Use safety precautions when energizing or servicing
this equipment.
5.1 Routine Maintenance
It is recommended that the following maintenance be performed on a regular basis with
the motor control de-energized and incoming power locked out:
1. Feel the doors, enclosure sides and deadfront surfaces over all circuit breakers and
switches with the palm of the hand. Any surface with a temperature which the palm
of the hand cannot stand for about 3 seconds may indicate trouble. Heat detectors
are also available to detect trouble spots.
2. Wipe all bus insulators and vertical bus barriers and vacuum any accumulation of dust.
3. Check the following for tightness:
a. Bus connections (Torque main bus bolts to prescribed limit on page 18).
b. Power cable connections.
c. Control wire connections.
4. Inspect all wiring for insulation deterioration, wear or cuts. Replace if necessary.
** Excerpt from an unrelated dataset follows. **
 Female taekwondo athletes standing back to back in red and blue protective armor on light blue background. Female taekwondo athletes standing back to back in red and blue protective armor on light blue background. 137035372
5. Look for wear of the plating on the unit stab fingers and on the vertical bus at the
location where the unit stab fingers engage the vertical bus. The plating is part
of the environmental protection system for the copper. Oxide and/or other films
can form on exposed copper or aluminum, resulting in a poor contact.
These parts must be replaced when the plating is worn to the point where copper
can be seen, because contact resistance becomes higher, increasing the heat
generated at the contact point, which, in turn, may lead to arcing and possible
bus flashover.
6. Check all operating handles and mechanical interlocks for proper operation.
7. Check and replace defective pilot lamps.
8. Inspect starter contacts and replace if over half-eroded. Do not dress silver alloy
contacts. Replace contact springs at the same time the movable contacts are replaced.
9. Look for indications of overheating, arcing or insulation breakdown and replace
defective parts.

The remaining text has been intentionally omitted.